Helenvale community leaders are calling for the establishment of a special Gangster Court in a move aimed at protecting law abiding residents from brazen gangsters who have no fear of the law enforcement system.
“It seems the kids (young gangsters) are no longer afraid of jail. The druglords pay their bail out of cash in their back pockets; released gangsters go and shoot witnesses; there are retaliatory shootings and court dockets disappear,” said Helenvale councillor Nico du Plessis at a community meeting at the Helenvale Resource Centre yesterday.

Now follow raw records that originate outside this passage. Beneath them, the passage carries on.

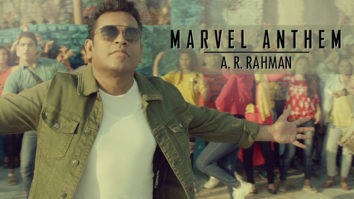 Marvel Anthem | A.R. Rahman | Hindi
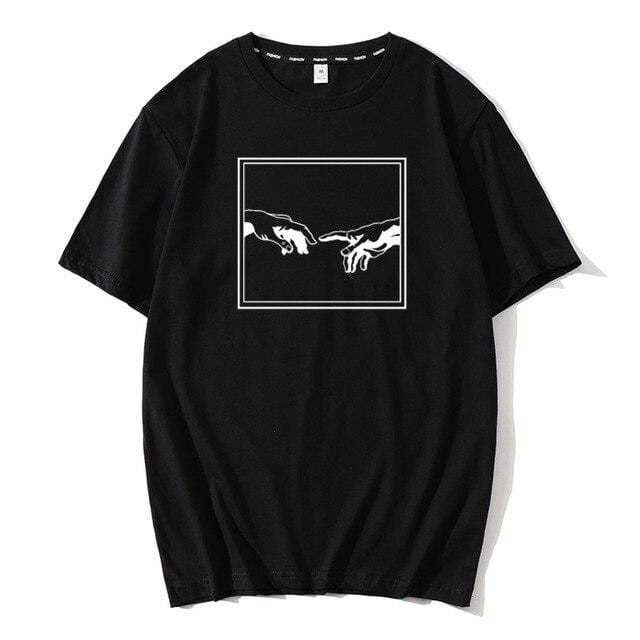 "The Touch" T-shirt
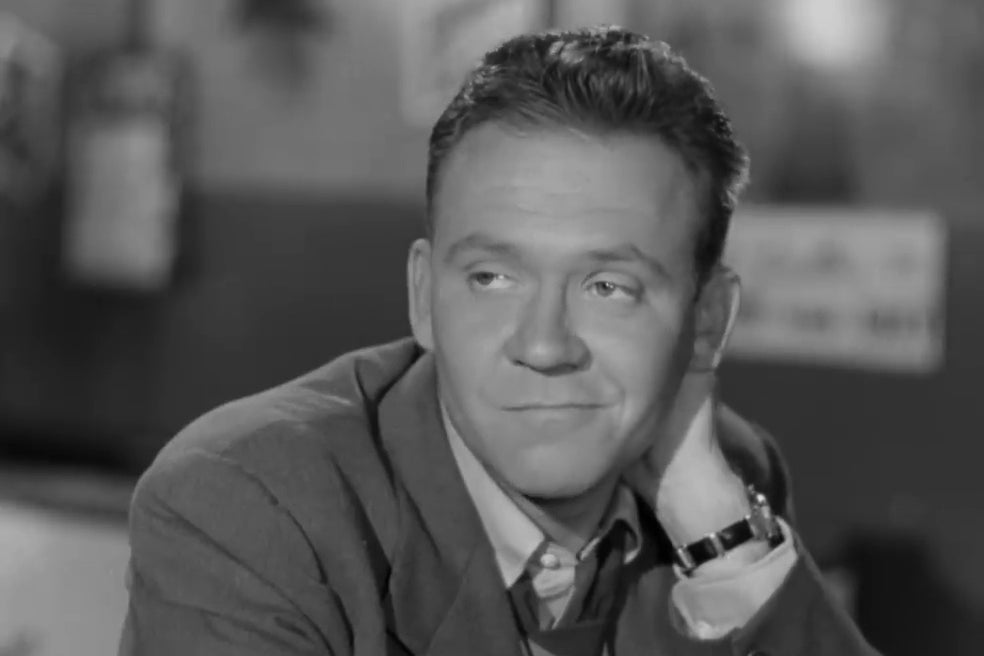 Richard Erdman has died. The Community, Twilight Zone, and Stalag 17 actor  was never better than in 1951's Cry Danger.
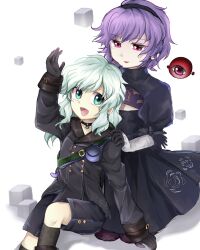 komeiji koishi from subterranean animism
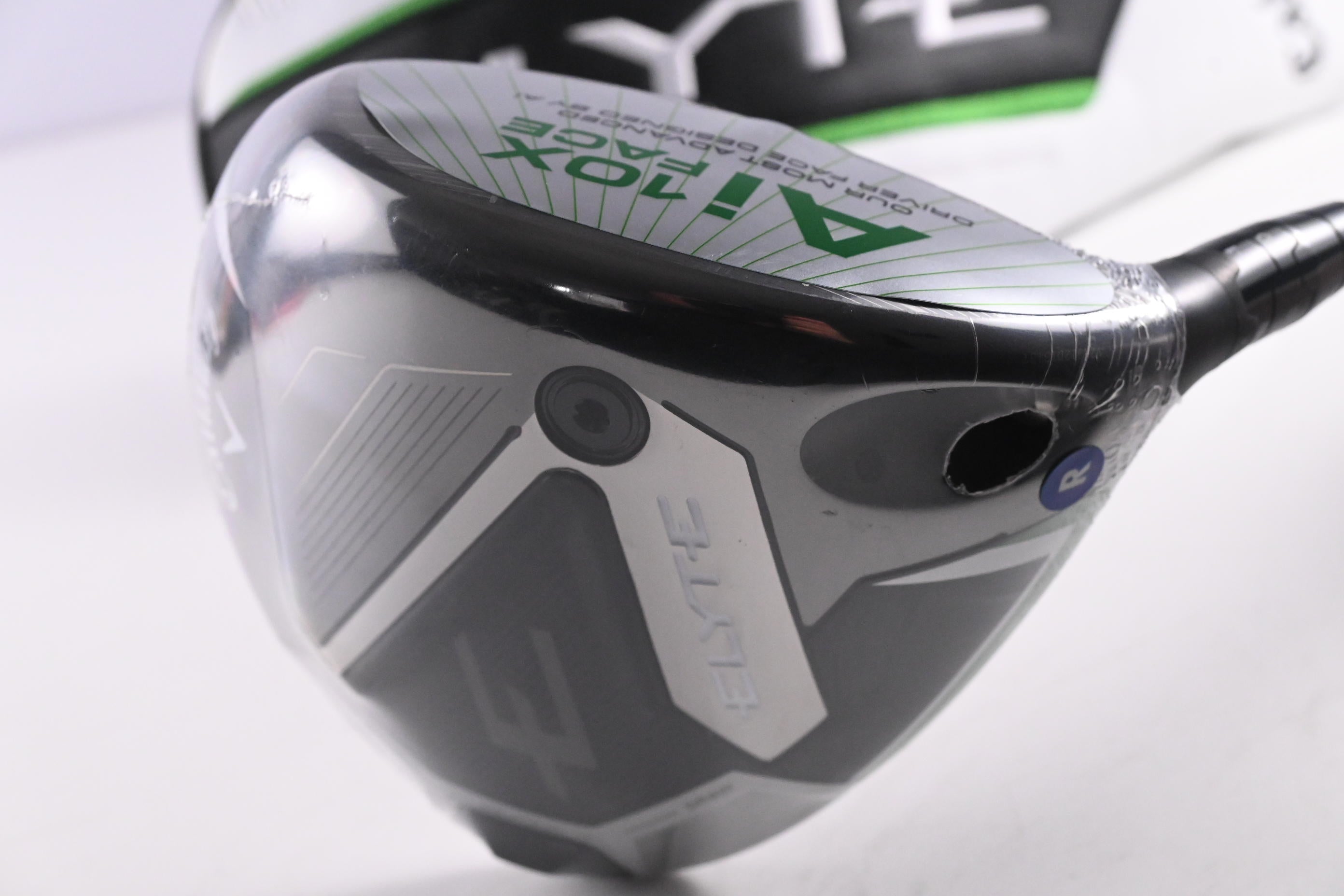 Callaway Elyte Driver / 10.5 Degree / Regular Flex Denali Charcoal 50 Shaft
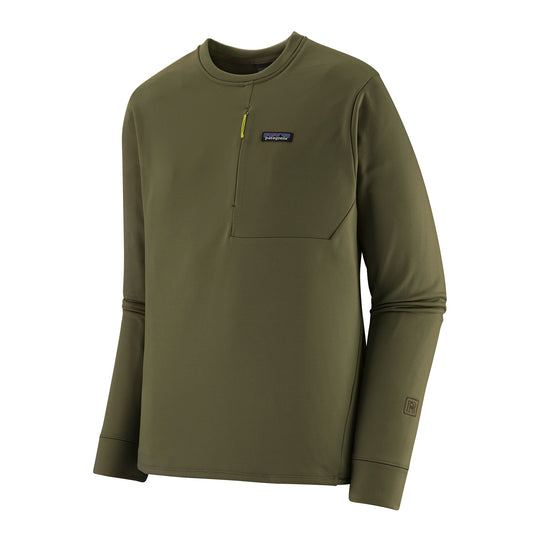 Patagonia®男款 R1® Thermal Crew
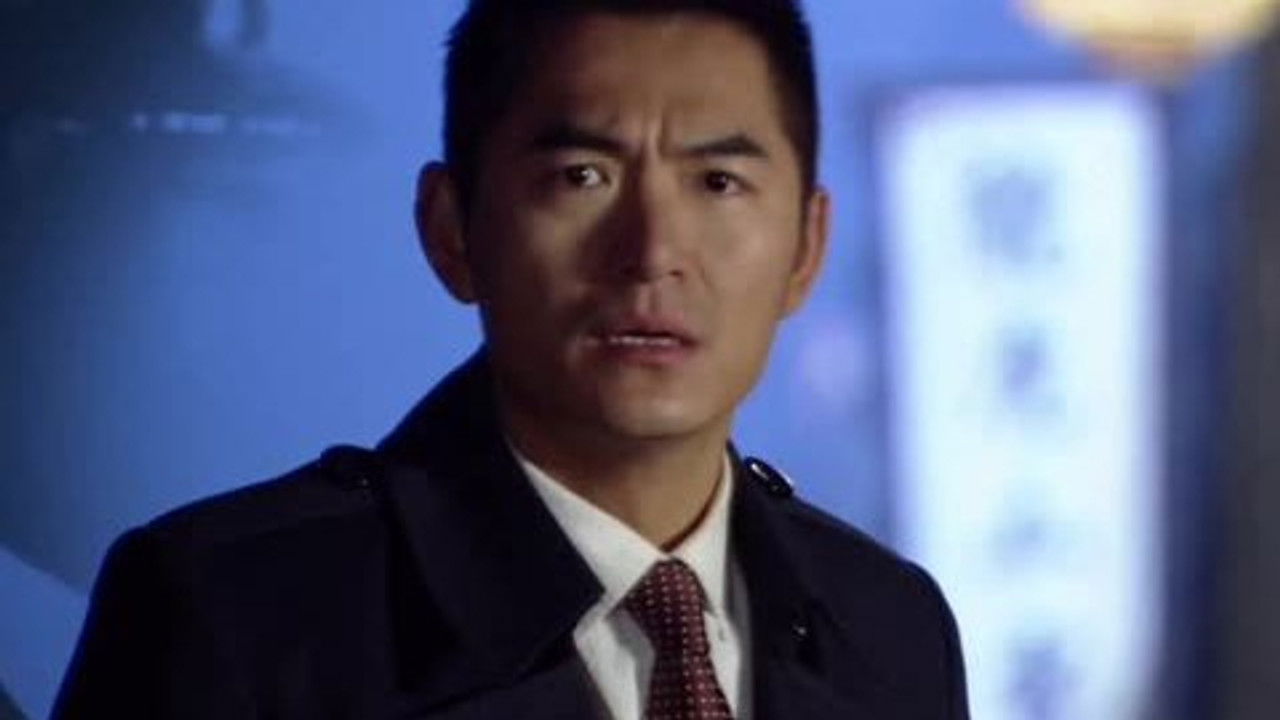 你的传奇之危机四伏 — Épisode 14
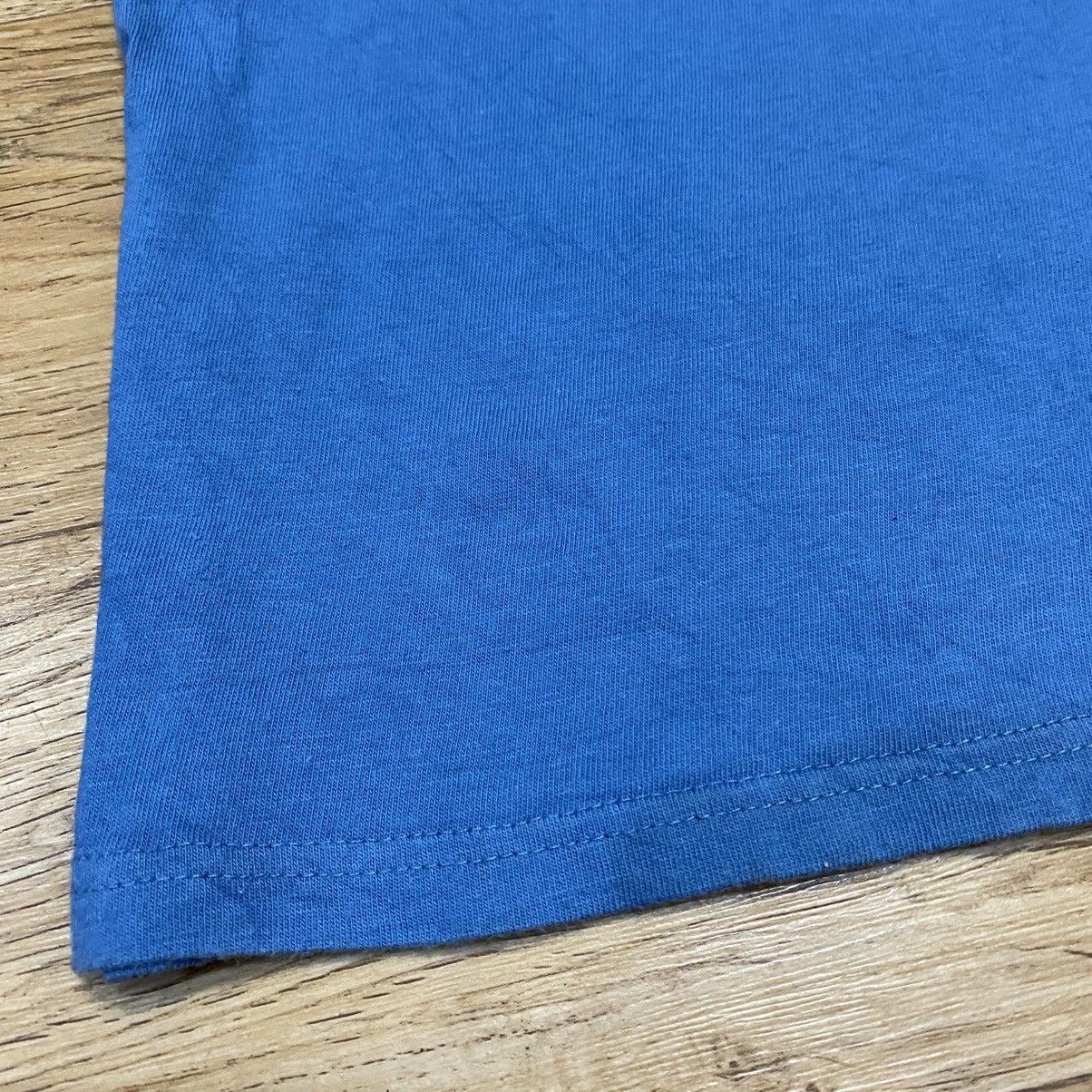 Saint James 1990s Saint James Blue Tee Size US L / EU 52-54 / 3 - 9 Thumbnail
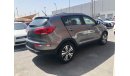 Kia Sportage GCC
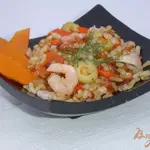Фаршированная тыква
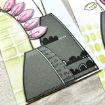 Picture of Paper Artsy JoFY Cling Stamp Set A5 | Σφραγίδες Rubber 13 x 16,5 cm - JOFY146, 6 τεμ.
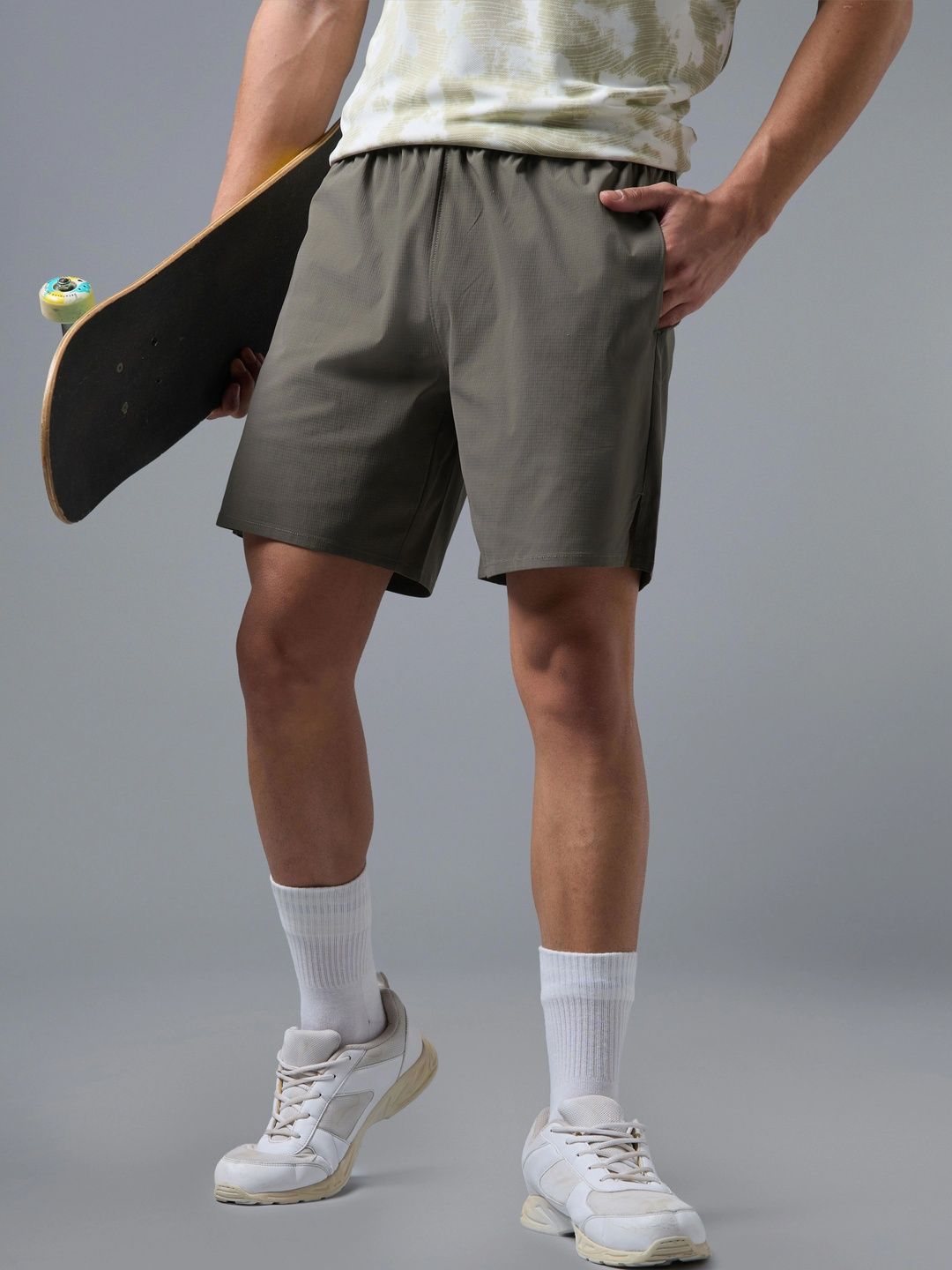 Technosport Men Training or Gym Shorts-picture-53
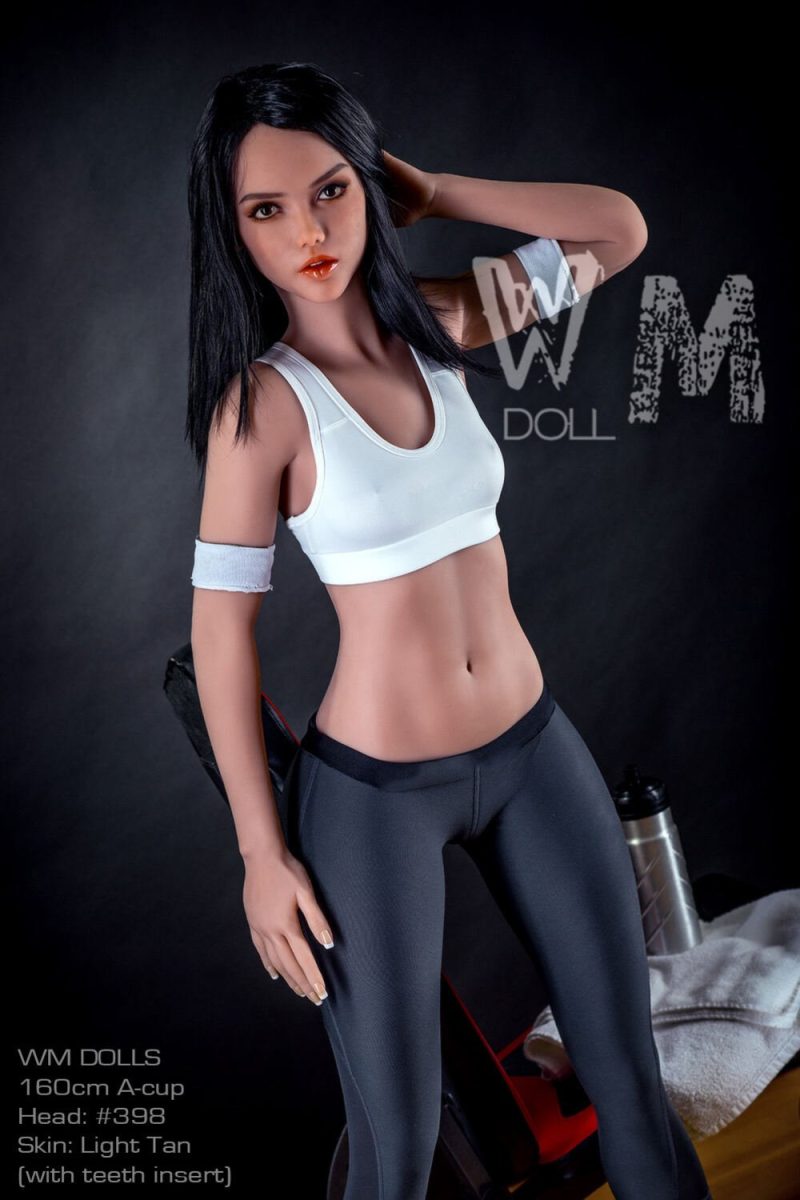 Picture of WM DOLL 160cm/5ft3 A-cup TPE Sex Doll – Yaelle (S-TPE) [In Stock | US Only]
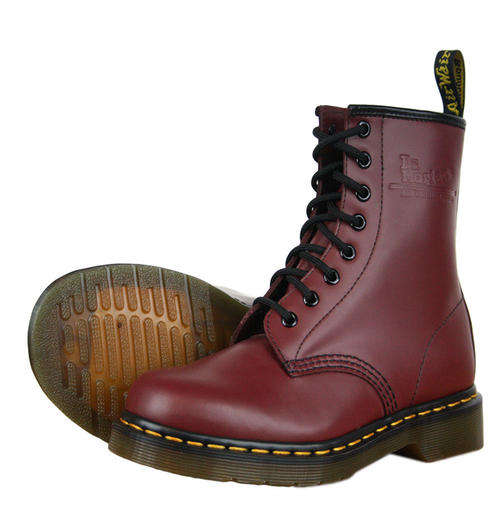 1460 DR martens Cherry UK7 Only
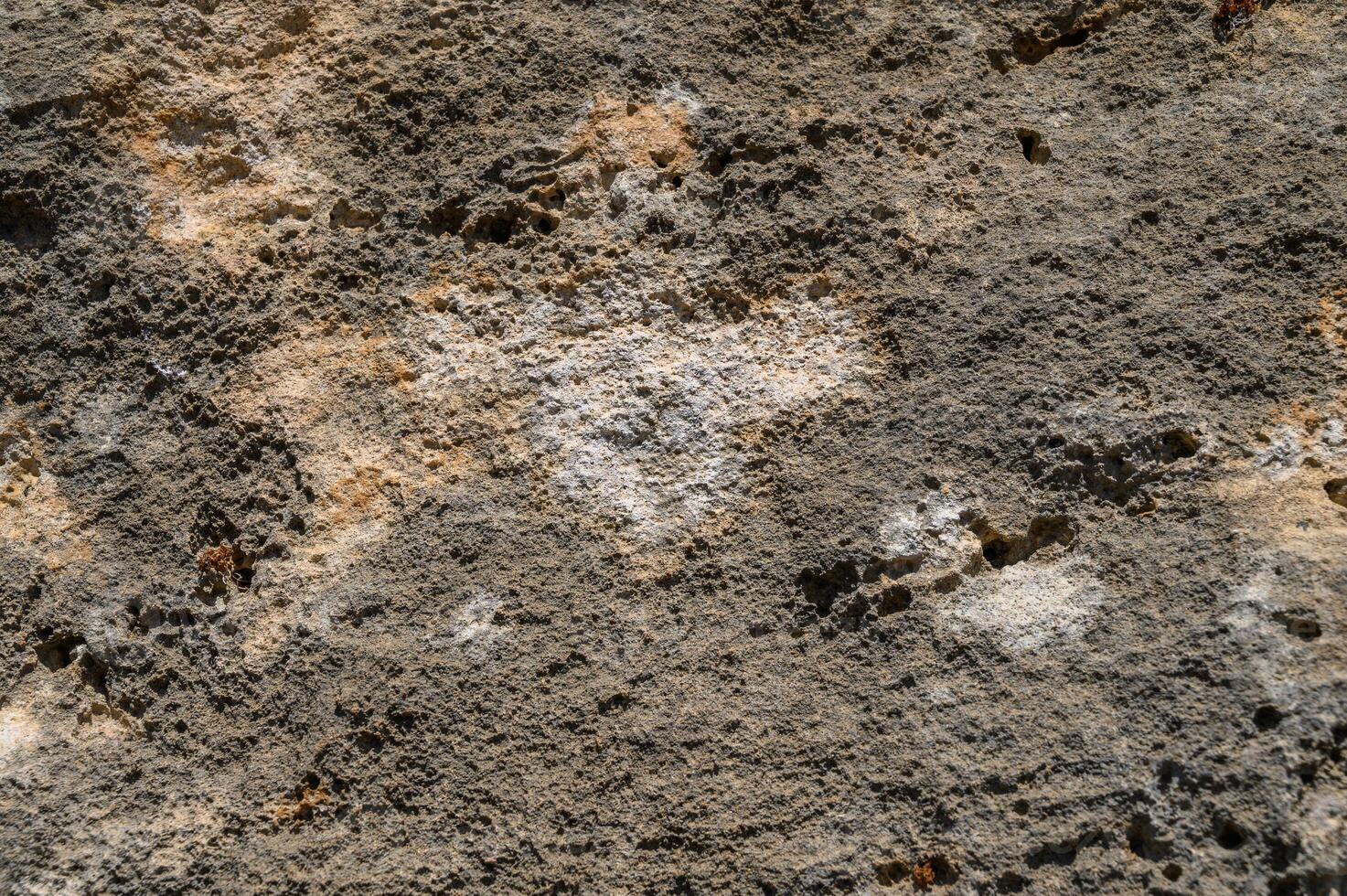 natural white sand stone texture and background photo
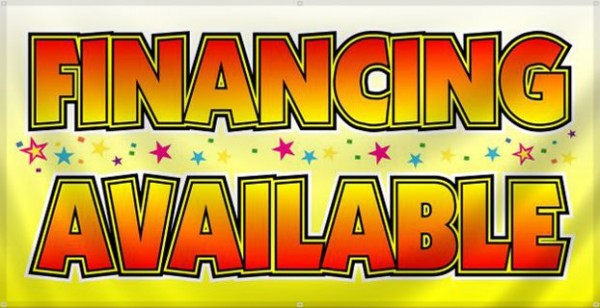 Vehicle Wrap Financing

In a rare show of solidarity, about 38 religious leaders (leaders of some of the estimated 55 local churches and a few Muslim leaders) attended a meeting called by Du Plessis to discuss a community response to the gang-related crime and shootings that have gripped the Port Elizabeth Northern Areas suburb in recent times. There have been eight shooting incidents in the past two weeks and an innocent 11-year-old boy was badly injured in crossfire in one of the shootings. The meeting elected a delegation of 12 people to approach senior Justice Department, Correctional Services, and SA Police Services representatives with a request for the creation of a special gangster court.
In an interview today Du Plessis said the delegation was seeking an integrated approach to the gangster problem as the safety and dignity of the community were not being taken into account in the current law enforcement system and a vicious cycle of arrests, releases and violence was taking place.
He said cynical older gangsters were using teenage and preteen children to sell drugs and to engage in drug turf war violence. When the children were arrested and appeared in court, prosecutors and magistrates did not know them and were not aware that they had been arrested on numerous charges. Prisons were full and did not want extra prisoners. So the courts were treating gangsters as child offenders, granting low bail fees for serious charges, and releasing them into the custody of their parents. But their impoverished parents did nothing to stop the drug dealing as their children provided much needed household income. Often the children stayed with the druglords, who had no interest in their future. The released children engaged in further acts of violence. All of this was disheartening to the police who faced danger arresting gangsters.
The vicious cycle also extended to prisons, where dangerous gangsters were granted parole without considering the wishes and wellbeing of the community. “The very day they are paroled the violence starts up again,” said Du Plessis.
He believed that an integrated law enforcement system that included a special gangster court, would help to break the cycle.
He said that other proposals that were put forward at yesterday’s community meeting would also be followed-up. These suggestions included:
- Churches should “adopt” gangs and disciple them
- Hold services in front of druglords’ homes.
- Carry out ongoing prayer walks.
- Organise regular youth activities and skills development programmes.
- Educate parents about the need to stop enabling their children’s criminal activities.